Crate osm_io

source ·
Expand description

This crate provides tools used to manipulate the Open Street Map data.

The basic OSM data model is broadly defined by OSM XML with Node and Way objects defining geometry and Relation and Tag objects providing unstructured extension mechanisms. Due to different uses of the OSM data, variety of data formats emerged to store and transmit it. Our main focus here are the following formats:

  • apidb - database schema backing OSM website
  • *.osm.pbf - a very efficient data format used to transmit OSM data that can be downloaded from http://download.geofabrik.de/ or from https://planet.openstreetmap.org/pbf/.

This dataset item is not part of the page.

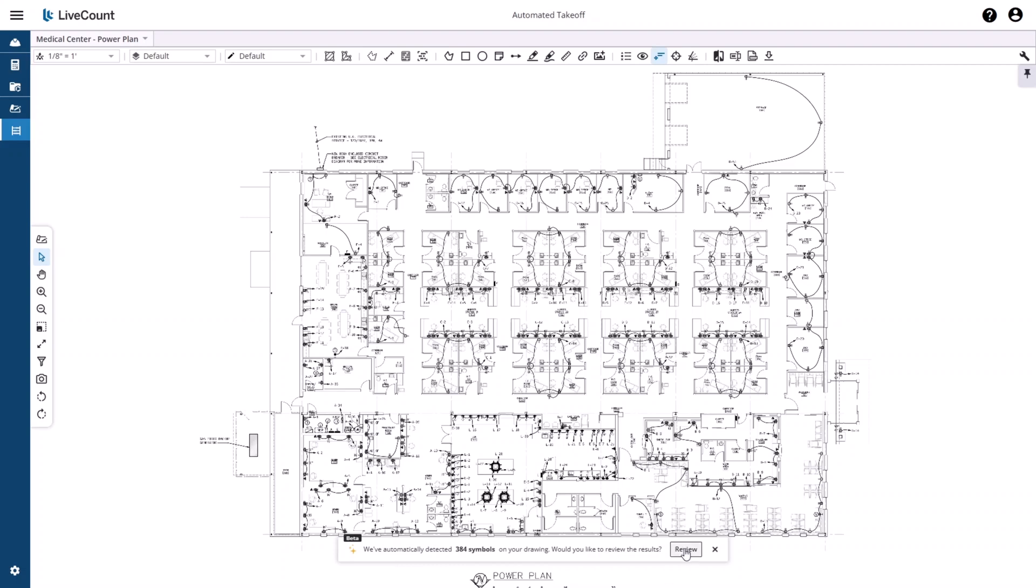Click the Review button to review the results. Or if you wish to at a later point in time, you can access them by clicking on the Auto Count button on the top toolbar.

The goal at this stage is to be able to load large *.osm.pbf files, such as planet.osm.pbf into a Postgresql OSM database (apidb schema) and to dump an entire Postgres OSM database into a planet.osm.pbf file. See osm-admin

Because the data sets are very large, a special attention is given to maintaining control over memory size and utilizing multiple CPU cores whenever is possible.

§Roadmap

  • implement *.osm.pbf reader and writer - Done
  • implement *.osm.pbf parallel reader and parallel writer - Done
  • implement apidb reader and writer - Done
  • provide basic filtering (see example below) - Done
  • convert between *.osm.pbf and apidb and vice versa - Done see examples.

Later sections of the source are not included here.